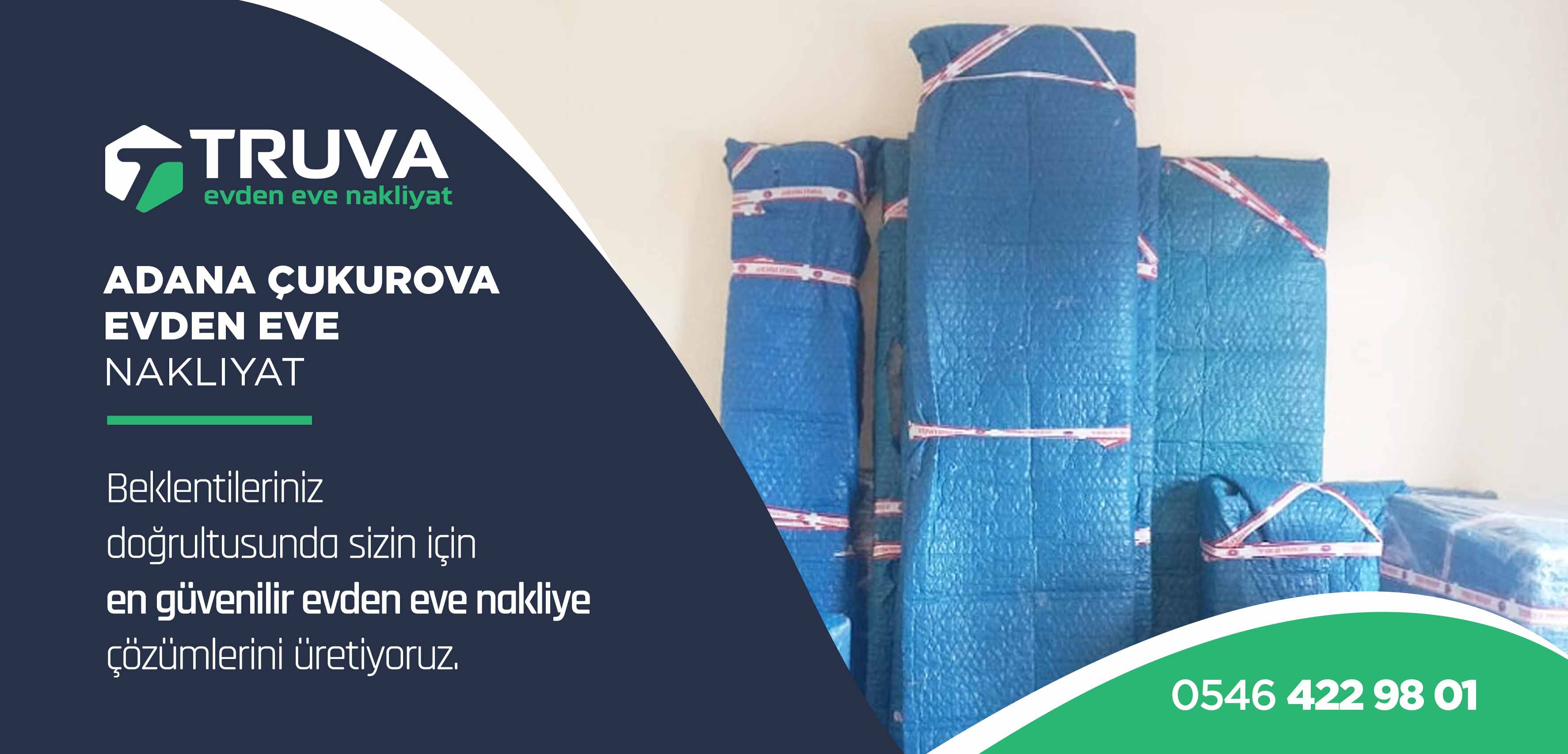 Adana Çukurova Bölgesi Evden Eve Nakliyat Hizmeti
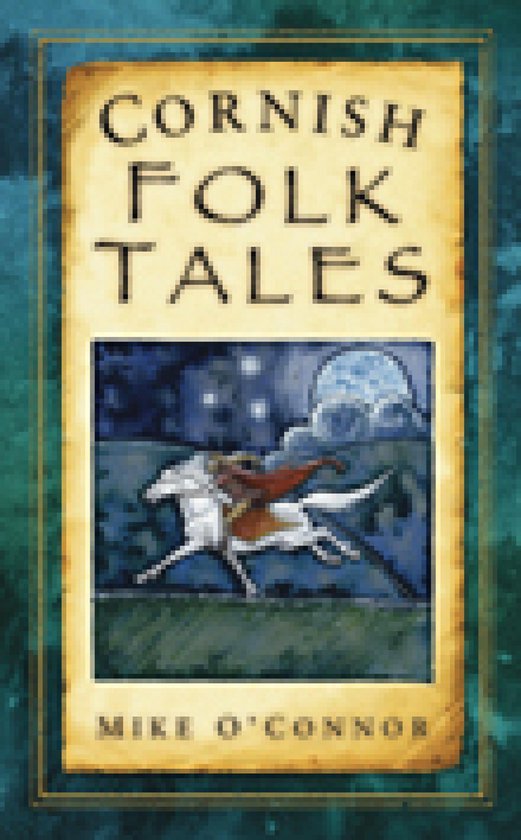 Cornish Folk Tales - cover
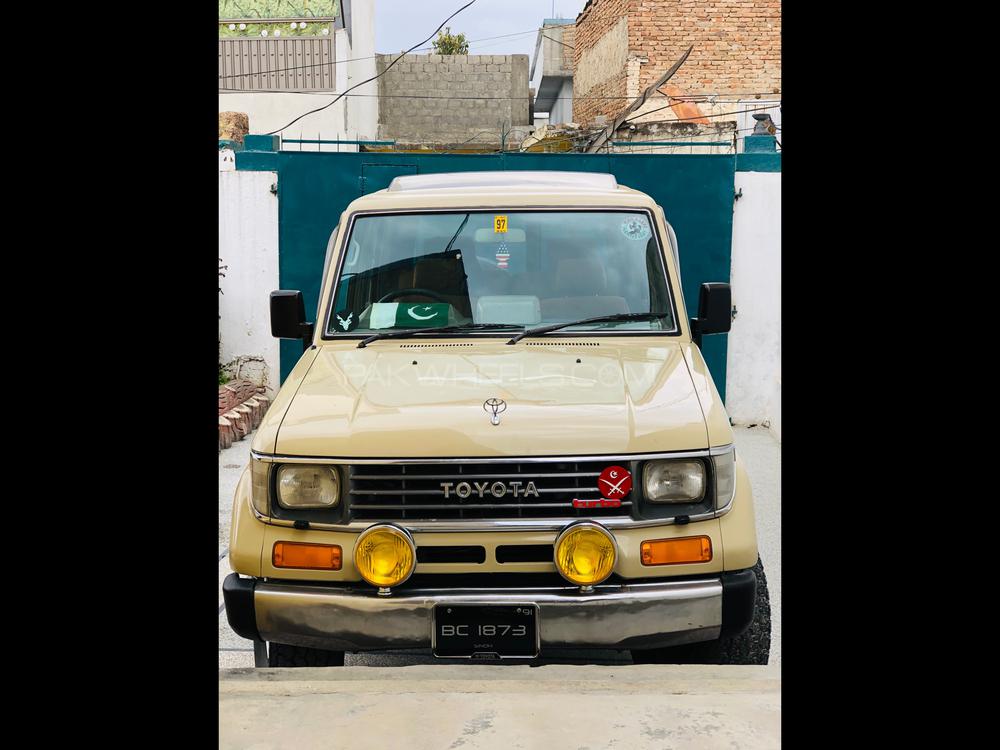 Toyota Land Cruiser 1991 for Sale in Mansehra Image-1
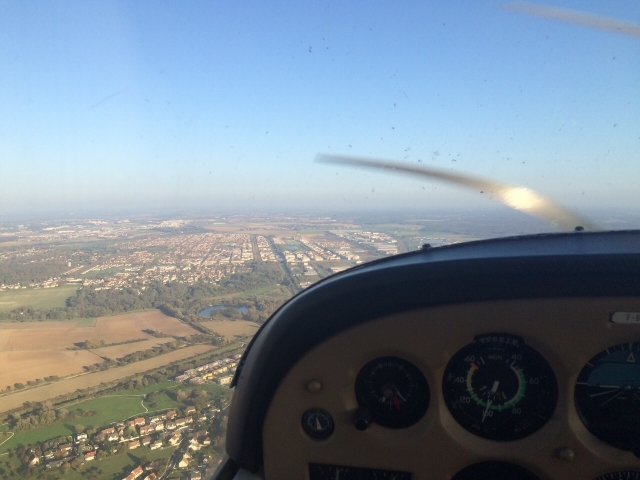  Cessna en vuelo 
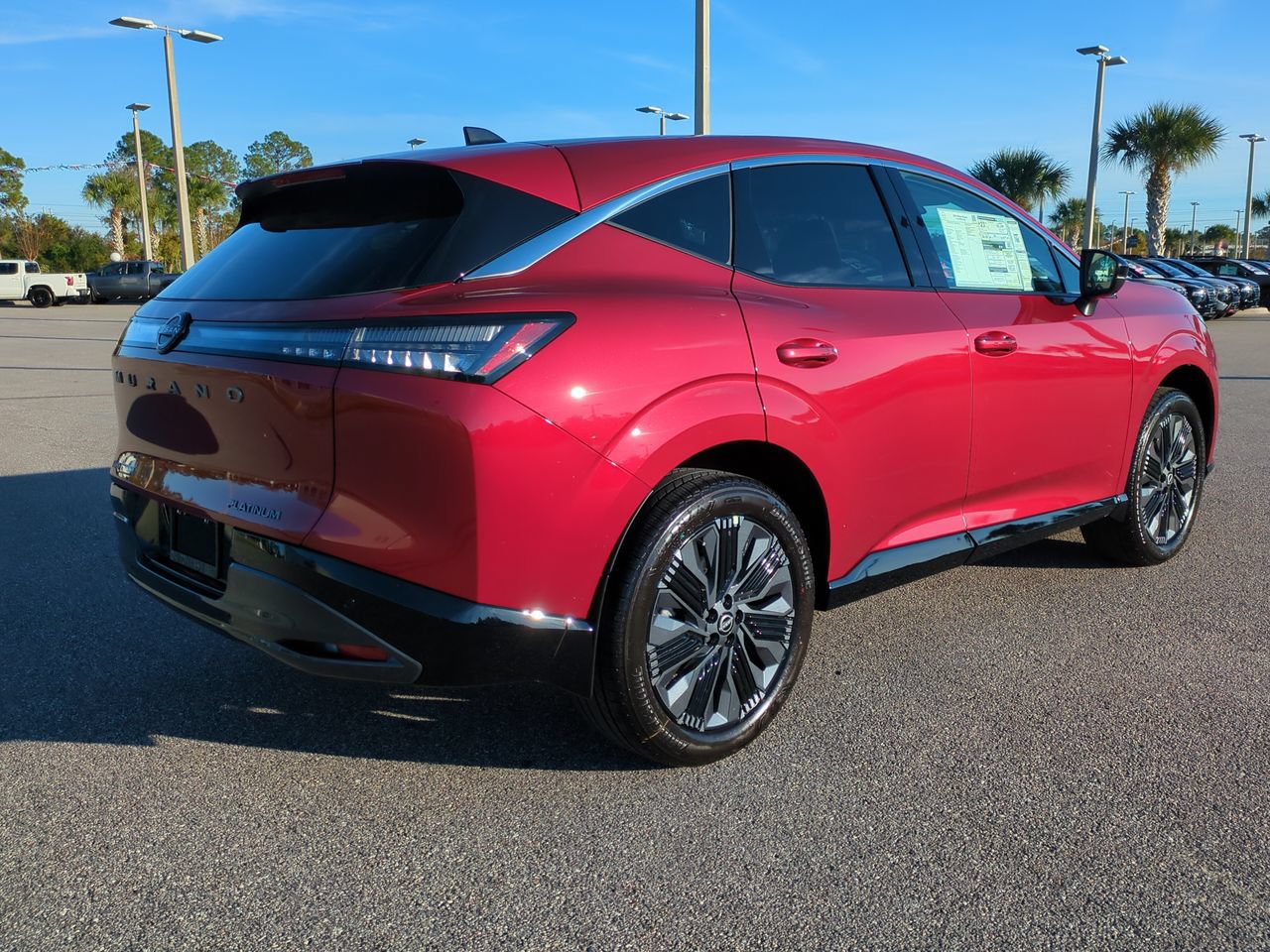 New 2026 Nissan Murano Platinum w/ Cargo Package AWD/4WD image 5
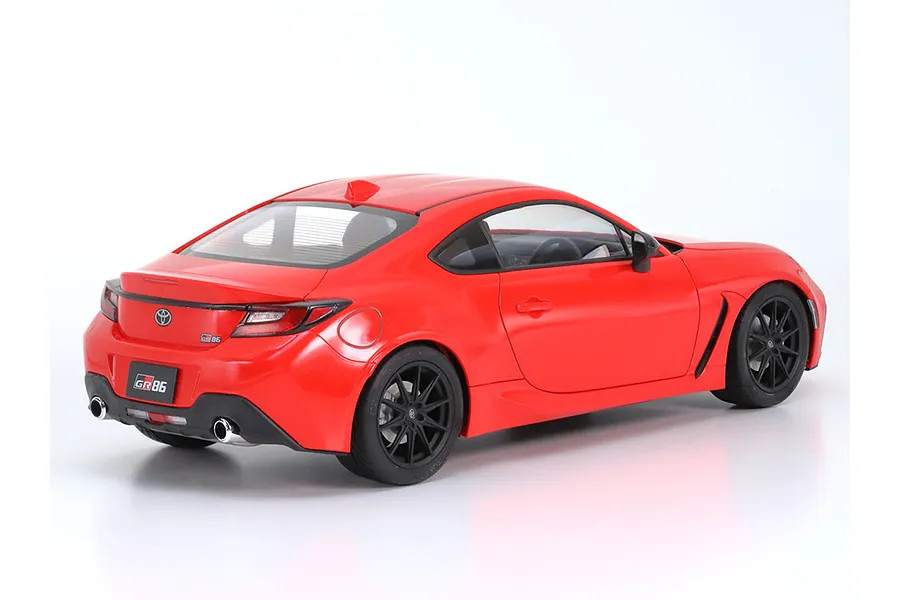 Tamiya 1/24 Toyota GR 86 Scaled Plastic Model Kit image 135191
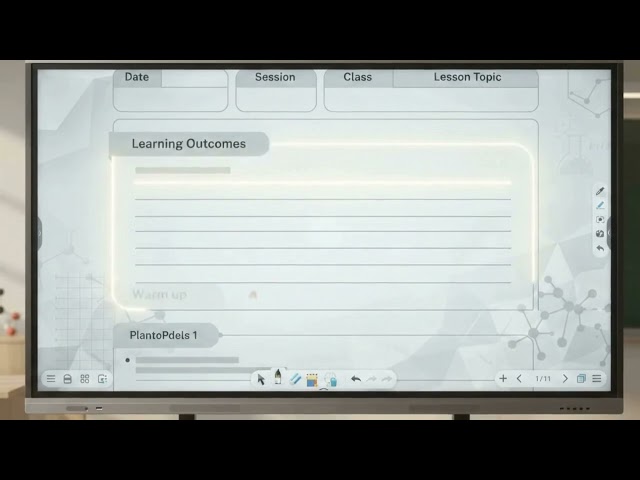 UTOPIA PD  |  Science Lesson plan template explained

****

Only the lines from the one holding "Toyota Land Cruiser" through the last line of the records should be output, please, exactly and without any pictures.

ANSWER BOX —
 Toyota Land Cruiser 1991 for Sale in Mansehra Image-1
  Cessna en vuelo 
 New 2026 Nissan Murano Platinum w/ Cargo Package AWD/4WD image 5
 Tamiya 1/24 Toyota GR 86 Scaled Plastic Model Kit image 135191
 UTOPIA PD  |  Science Lesson plan template explained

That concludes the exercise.